Advertisement

Brooksville chooses its legacy

 
Published Dec. 26, 1999|Updated Sept. 30, 2005

Hernando residents were not grateful to U.S. Sen. Thomas Hart Benton, the primary sponsor of the Armed Occupation Act of 1842, for long.

In 1856, judging Benton's stand on slavery to be too moderate, they changed the county's name from Benton County back to Hernando. The same year, residents of the central Hernando settlement of Pierceville changed their town's name to Brooksville as a show of support for U.S. Rep. Preston Brooks of South Carolina, one of the most hardline supporters of slavery. At the time, Brooks was at the height of his reputation, having been recently censured by the U.S. House for his attack on Sen.
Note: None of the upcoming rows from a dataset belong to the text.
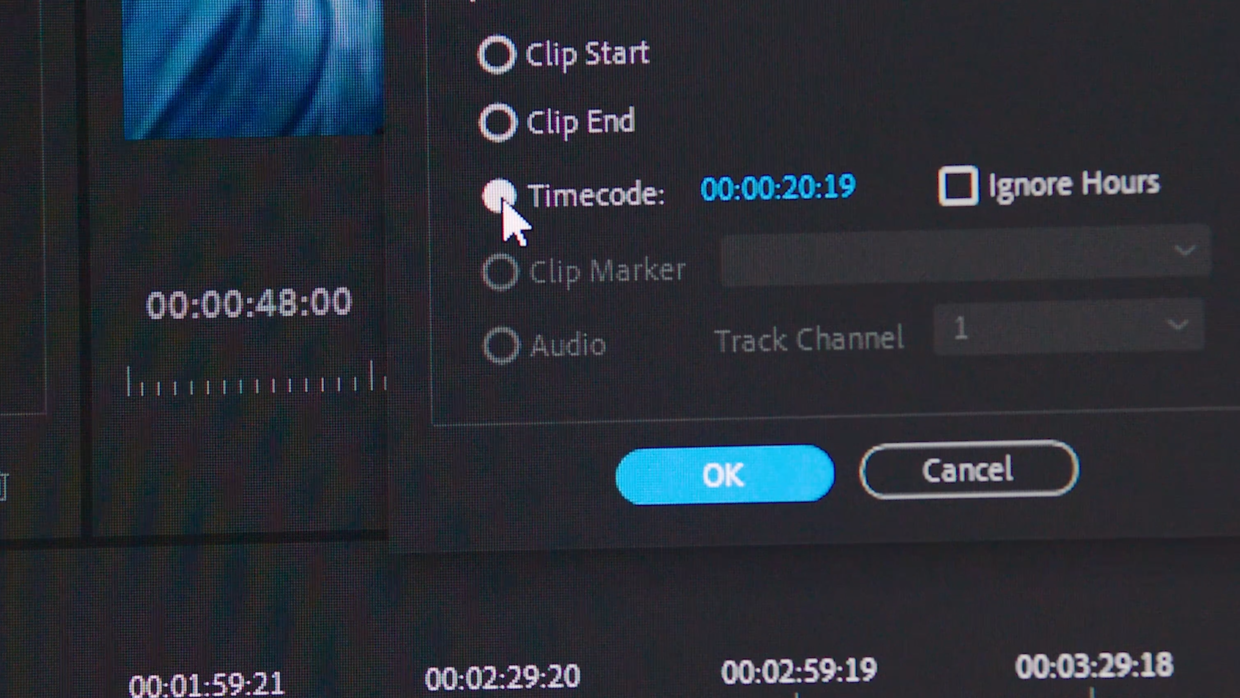 Adobe premiere timecode syncing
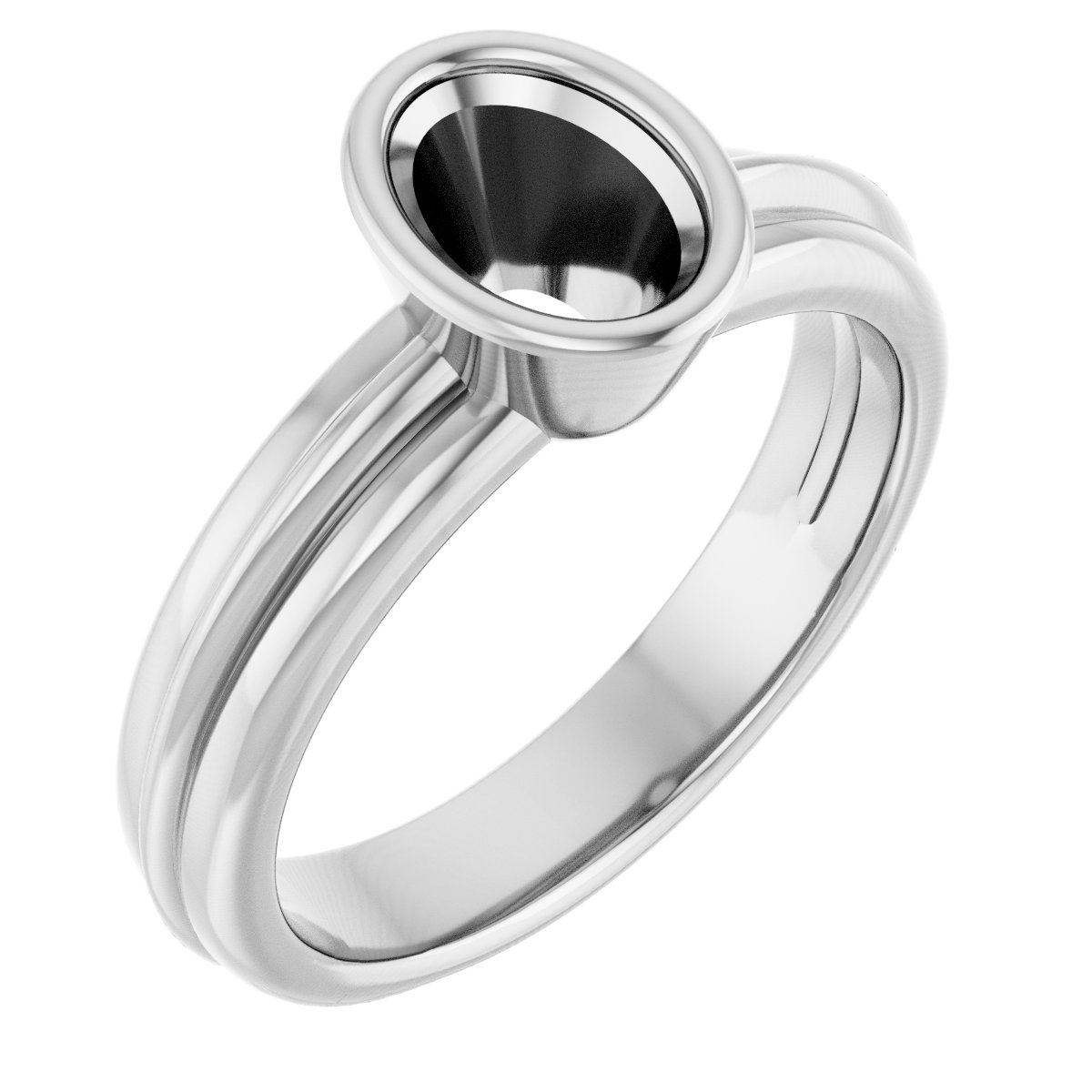 Bezel-Set Solitaire Engagement Ring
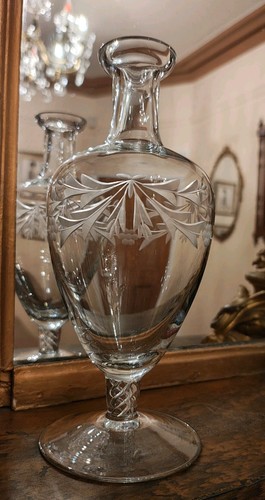 Antique hand blown fine glass - hand,
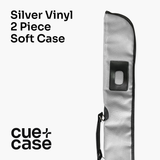 Quality Thick Padded Silver Vinyl 2pc Soft Cue Case Cue & Case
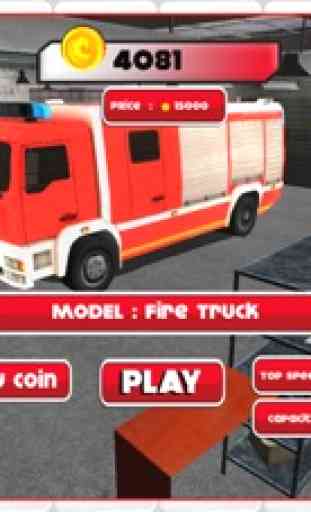 3D Rescue Racer Traffic Rush - Ambulance, Fire Truck Police Car and Emergency Vehicles : FREE GAME 4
Charles Sumner, an abolitionist from Massachusetts.

According to Richard Stanaback's A History of Hernando County, "while Sumner was seated at his desk on the Senate floor, busily signing papers, Brooks approached him and without warning began to play a (wooden cane) upon the head and shoulders of the startled Sumner. So heavy were the blows that the cane splintered in several pieces. But Brooks continued to flail away at his victim." Sumners, Stanaback wrote, was so severely injured that he was unable to return to the Senate for three years.

Certainly there have been more racist acts than choosing to name Brooksville after Brooks. But, to some, the move seemed especially significant because of its role in establishing Brooksville's civic identity.

"It set the tone," said Imani Asukile, the minority recruiter for Pasco-Hernando Community College, who grew up in Brooksville.

Vigilantes ruled the county for several years in the 1870s, with whites killing several black residents and, according to Tampa's Sunland Tribune, burning the courthouse in 1877 to prevent prominent residents from coming to trial.

"The carnival of crime still reigns supreme in that county," said one Tribune story about the killing of two black residents in 1879.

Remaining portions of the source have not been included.